RFS - Piccola cronaca / 14 Gennaio 2019


Milano, 14 Gennaio 2019

Ci ritroviamo. Si riprende il lavoro di ieri.
La cosa importante è ritornare a quelle ‘trasformazioni’.
Mi piace definirle così. Quando Nicole e Agata eseguono una transizione di stato, di dimensione corporea e emotiva io le indico come ‘trasformazioni’ che poi confluiscono in quei segmenti che definisco ‘cerniere’.






Bisogna controllare il viso. Che non diventi troppo espressivo, che non lasci indovinare pensiero, preoccupazione, intenzione.

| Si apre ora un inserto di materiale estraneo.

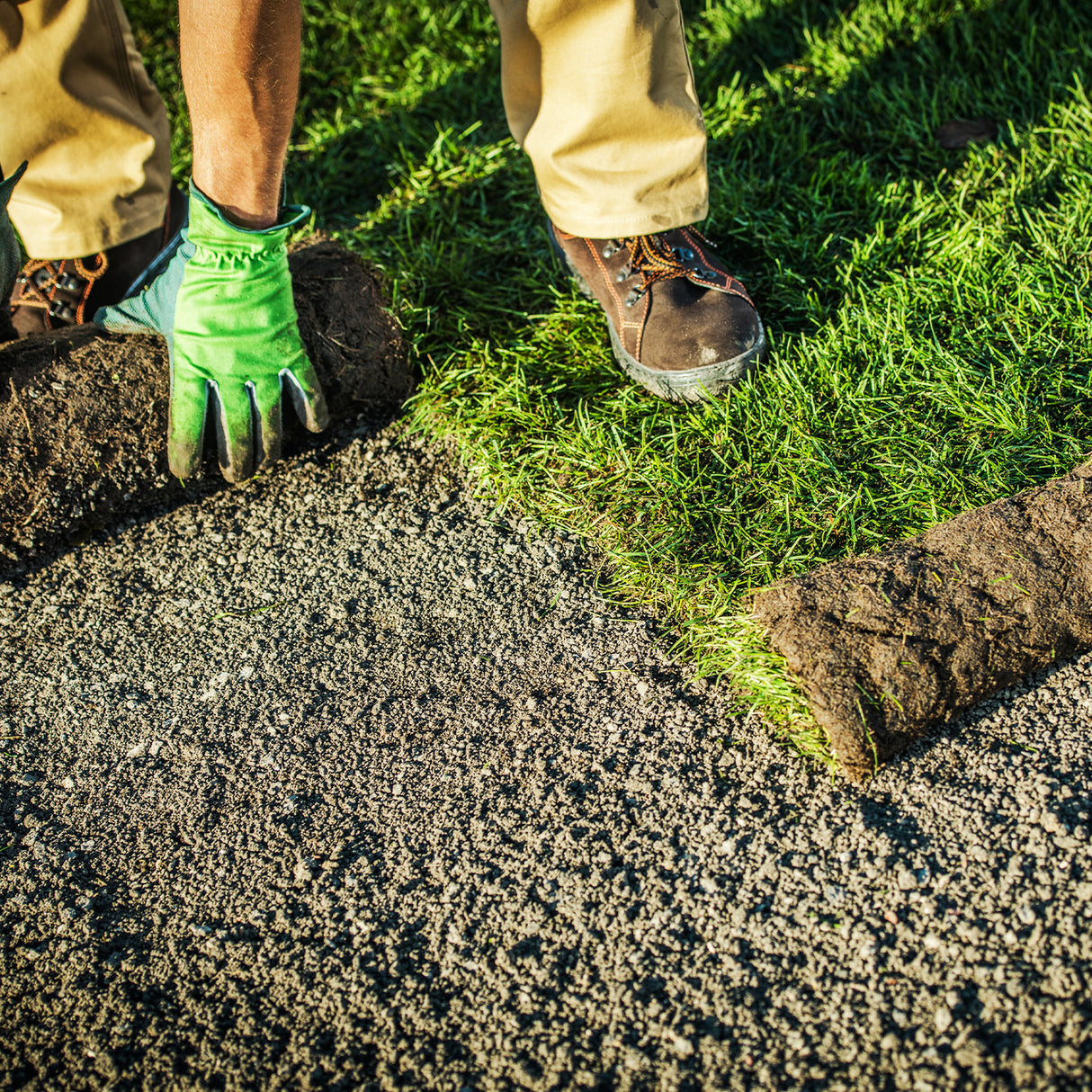 Rollrasen Spiel- und Sportrasen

La cosa difficile è appunto ‘la vita’: vivere 2 ore fuori da una vita convenzionale e conosciuta. Vivere una vita ‘segreta’. 
È difficile perché l’attore si mette in ‘funzione performante’, diventa ‘funzionale a ...’ 
È naturale, è il suo compito, è la sua vita, quella lavorativa. In questo caso però - nel caso di RFS - non deve sentirsi funzionale. Non deve includere il visitatore/spettatore. Deve vivere una compulsione per se stesso, per quel tratto di vita di 2 ore.
È un tempo straordinario quello che stiamo cercando: extra-ordinario.
È molto difficile non cercare una giustificazione al proprio ‘fare’, al proprio essere lì. È necessario mettere in atto un rinuncia.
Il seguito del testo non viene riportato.